- [YOUR OBJECTIVE] In the listing that follows, the range to quote begins at the line that has "Peugeot 308 PureTech" and ends after the line that has "<b>Cesare Maldini</b> fue"; quote it verbatim and add nothing.

- [MATERIAL TO PROCESS]
::::::

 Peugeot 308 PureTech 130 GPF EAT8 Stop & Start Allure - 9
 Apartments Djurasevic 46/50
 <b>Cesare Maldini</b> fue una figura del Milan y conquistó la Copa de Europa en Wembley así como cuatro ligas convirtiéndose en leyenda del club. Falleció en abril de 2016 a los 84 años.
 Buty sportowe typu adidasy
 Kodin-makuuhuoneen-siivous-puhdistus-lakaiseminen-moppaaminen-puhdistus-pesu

::::::

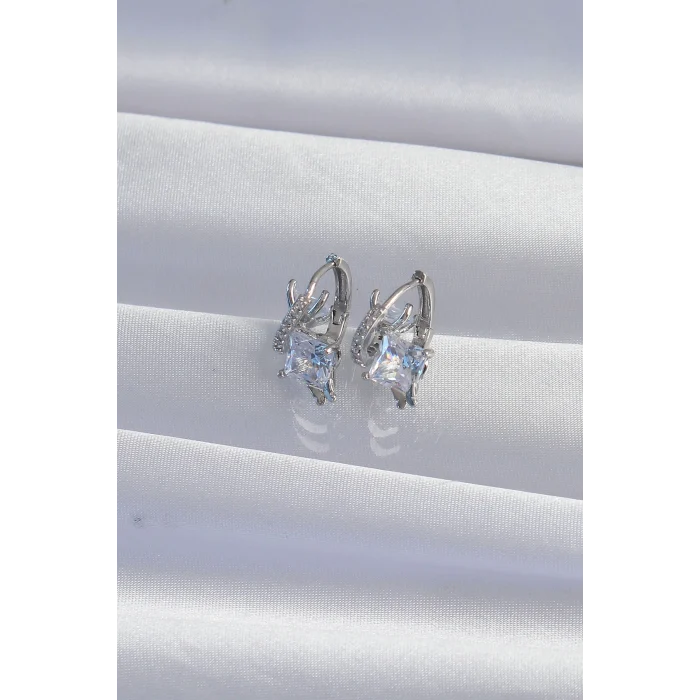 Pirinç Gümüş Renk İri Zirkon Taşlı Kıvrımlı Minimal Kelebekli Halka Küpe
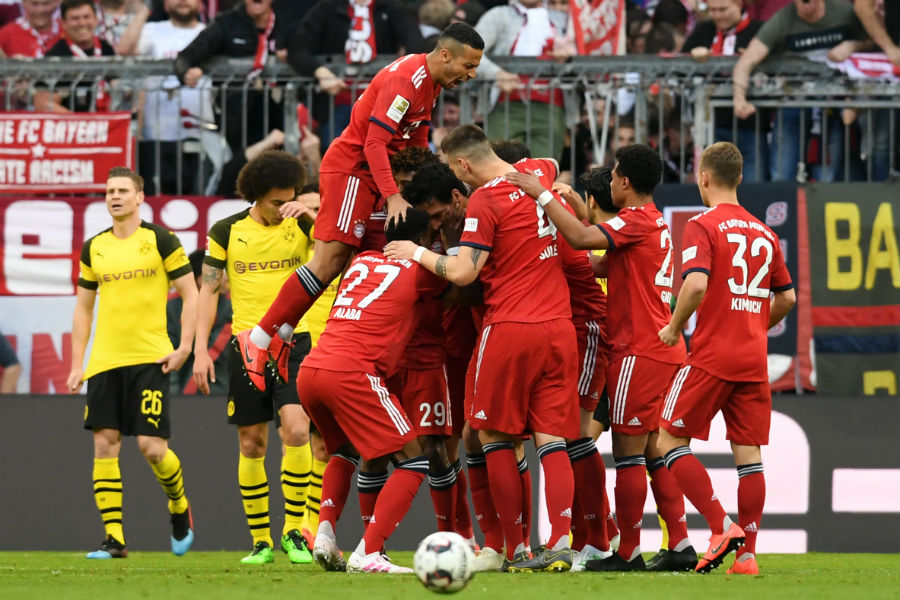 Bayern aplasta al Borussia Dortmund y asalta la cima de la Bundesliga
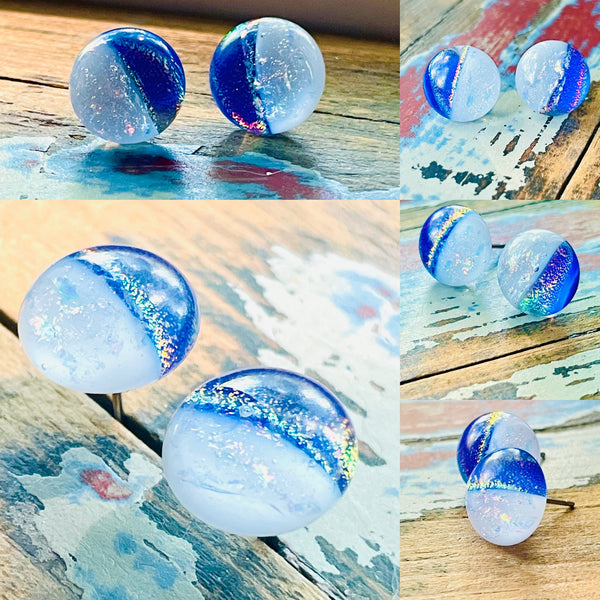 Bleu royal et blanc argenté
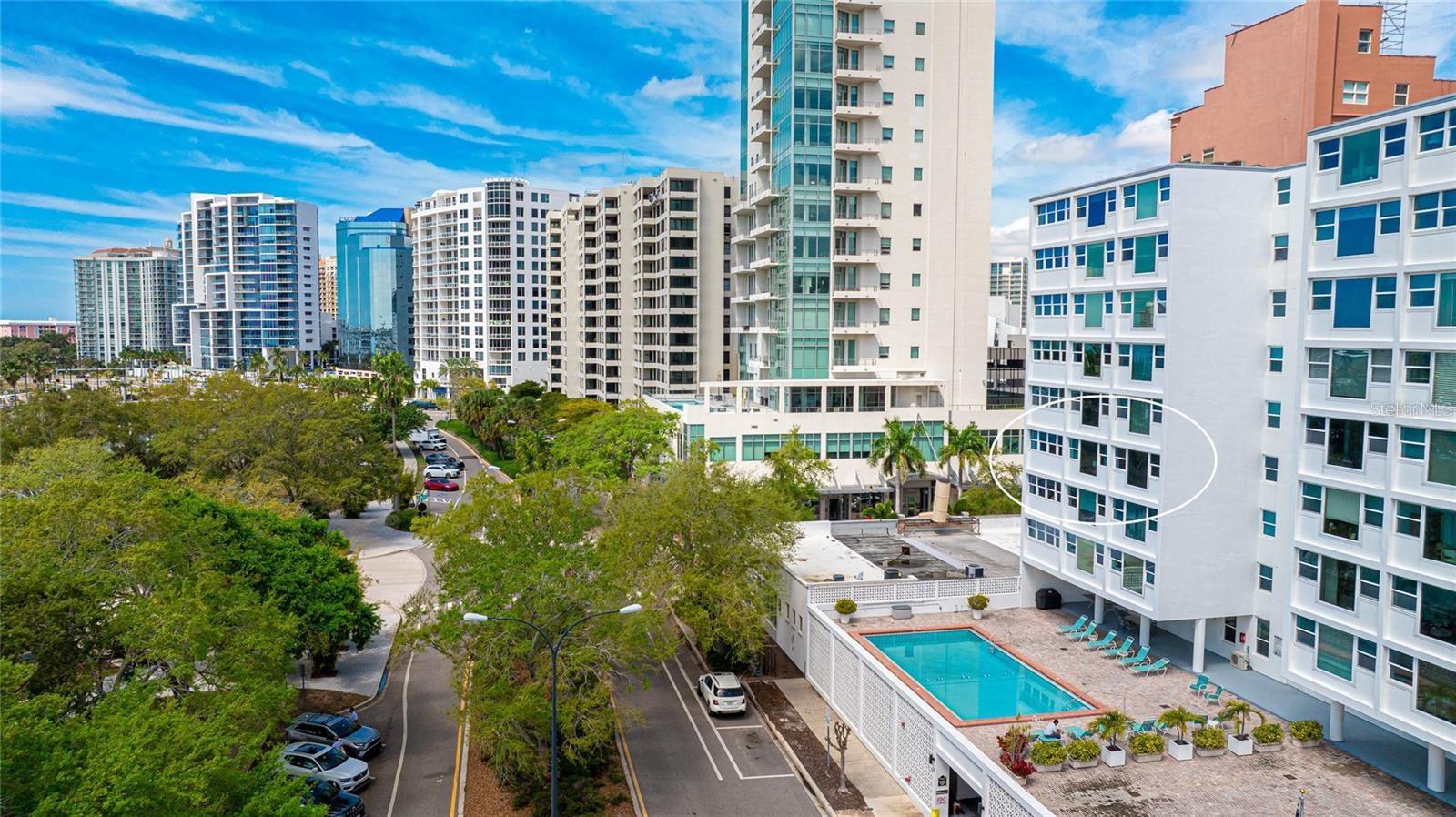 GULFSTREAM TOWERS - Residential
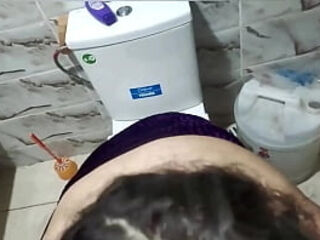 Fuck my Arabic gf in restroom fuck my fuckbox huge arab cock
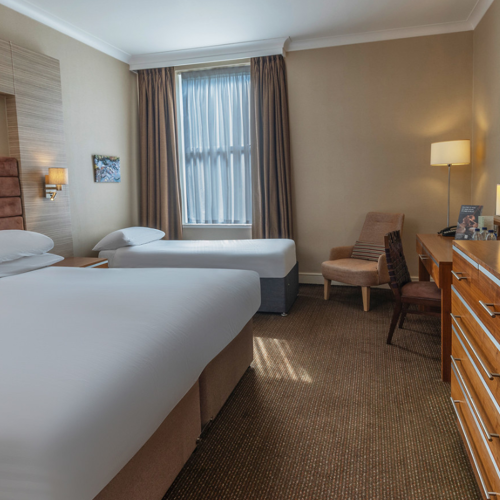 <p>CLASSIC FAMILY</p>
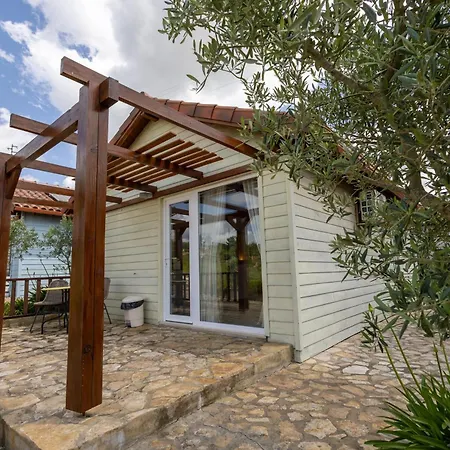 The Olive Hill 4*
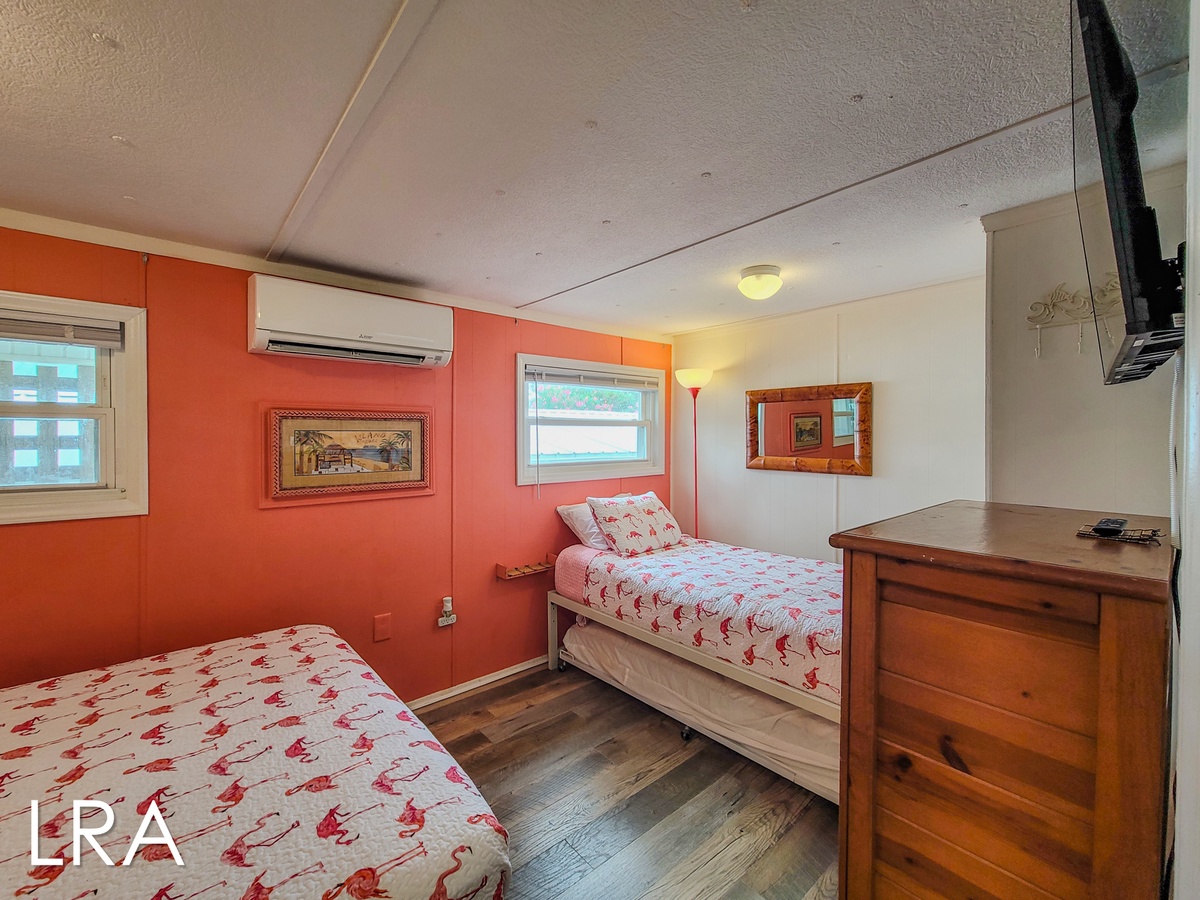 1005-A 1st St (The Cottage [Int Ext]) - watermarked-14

::::::

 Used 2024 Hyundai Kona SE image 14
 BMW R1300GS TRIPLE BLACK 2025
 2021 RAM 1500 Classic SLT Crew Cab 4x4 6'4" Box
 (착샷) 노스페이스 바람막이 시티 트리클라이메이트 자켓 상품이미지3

::::::

- [REPLY TO THE TASK]
 Peugeot 308 PureTech 130 GPF EAT8 Stop & Start Allure - 9
 Apartments Djurasevic 46/50
 <b>Cesare Maldini</b> fue una figura del Milan y conquistó la Copa de Europa en Wembley así como cuatro ligas convirtiéndose en leyenda del club. Falleció en abril de 2016 a los 84 años.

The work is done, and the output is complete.